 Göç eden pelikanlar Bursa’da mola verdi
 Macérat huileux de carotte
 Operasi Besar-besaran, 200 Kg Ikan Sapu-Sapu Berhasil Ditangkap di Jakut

* * *

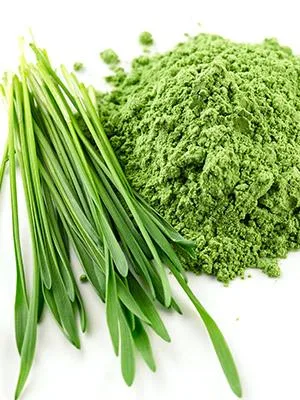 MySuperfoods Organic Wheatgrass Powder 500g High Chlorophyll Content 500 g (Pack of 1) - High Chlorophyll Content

### EXERCISE:
From the entries above, print the lines beginning at the one with "Macérat huileux de carotte" and stopping after the one with "Operasi Besar-besaran, 200", exactly as written and with nothing else.

### RESULT OF THE TASK:
 Macérat huileux de carotte
 Operasi Besar-besaran, 200 Kg Ikan Sapu-Sapu Berhasil Ditangkap di Jakut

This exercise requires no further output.